--- Given data ---
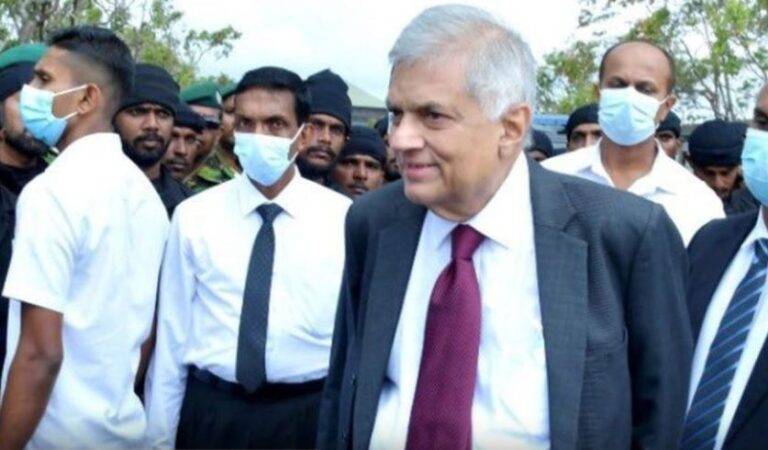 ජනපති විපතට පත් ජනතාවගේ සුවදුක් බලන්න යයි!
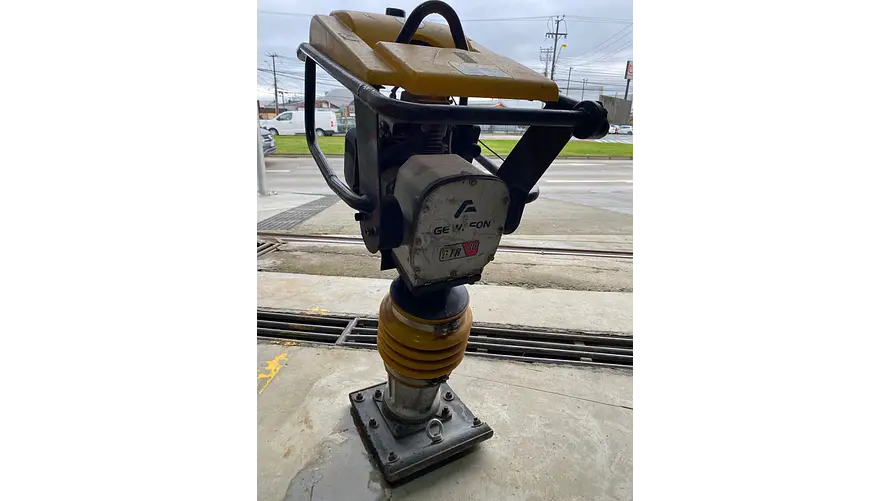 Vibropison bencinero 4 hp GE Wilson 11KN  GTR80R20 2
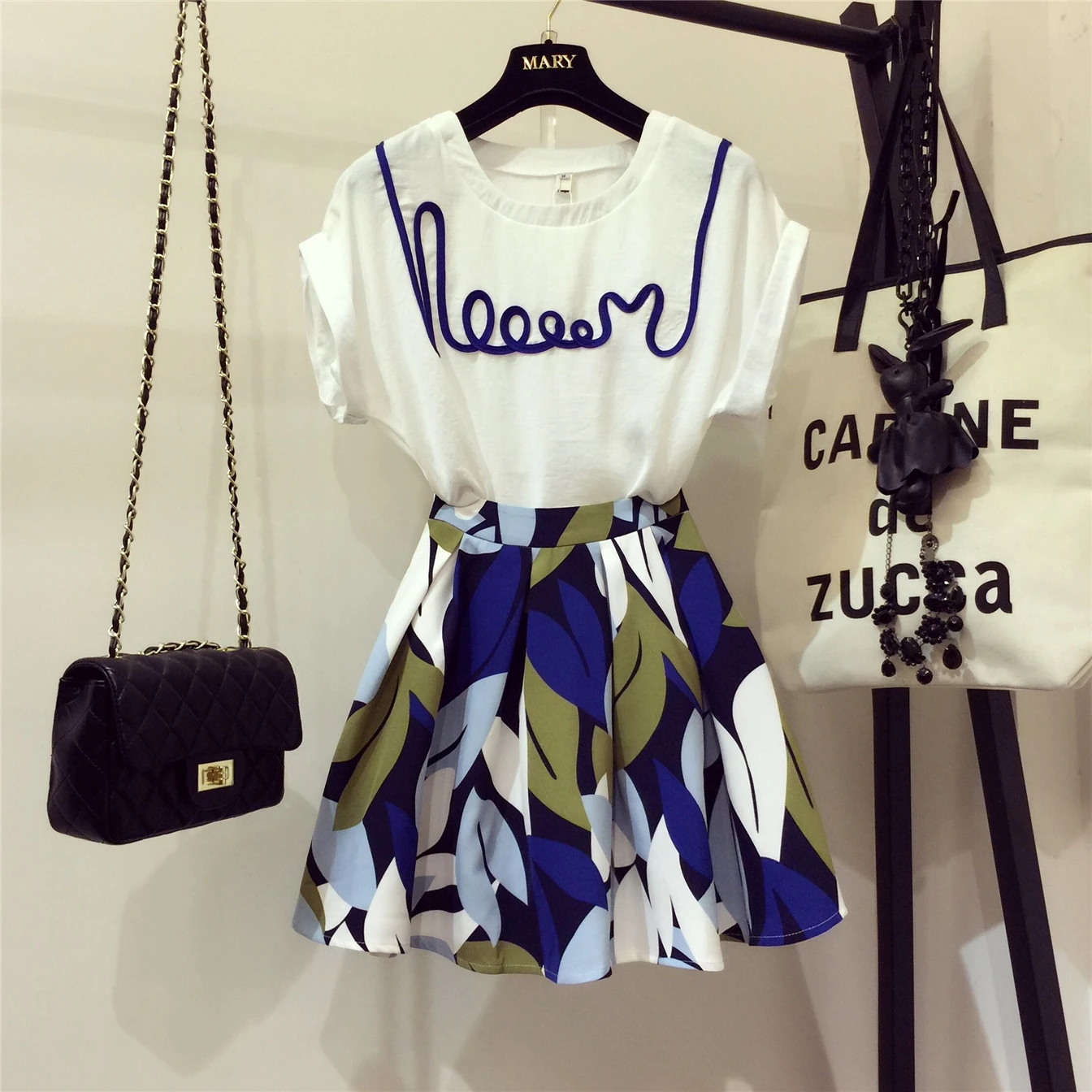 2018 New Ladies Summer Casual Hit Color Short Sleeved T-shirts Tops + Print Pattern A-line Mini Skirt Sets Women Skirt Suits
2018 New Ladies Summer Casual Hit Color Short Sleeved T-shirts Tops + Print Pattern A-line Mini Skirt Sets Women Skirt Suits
---
# Your assignment:
When you write out the material above, keep every line exact and drop each picture.

# Reply to the exercise:
 ජනපති විපතට පත් ජනතාවගේ සුවදුක් බලන්න යයි!
 Vibropison bencinero 4 hp GE Wilson 11KN  GTR80R20 2
 2018 New Ladies Summer Casual Hit Color Short Sleeved T-shirts Tops + Print Pattern A-line Mini Skirt Sets Women Skirt Suits
2018 New Ladies Summer Casual Hit Color Short Sleeved T-shirts Tops + Print Pattern A-line Mini Skirt Sets Women Skirt Suits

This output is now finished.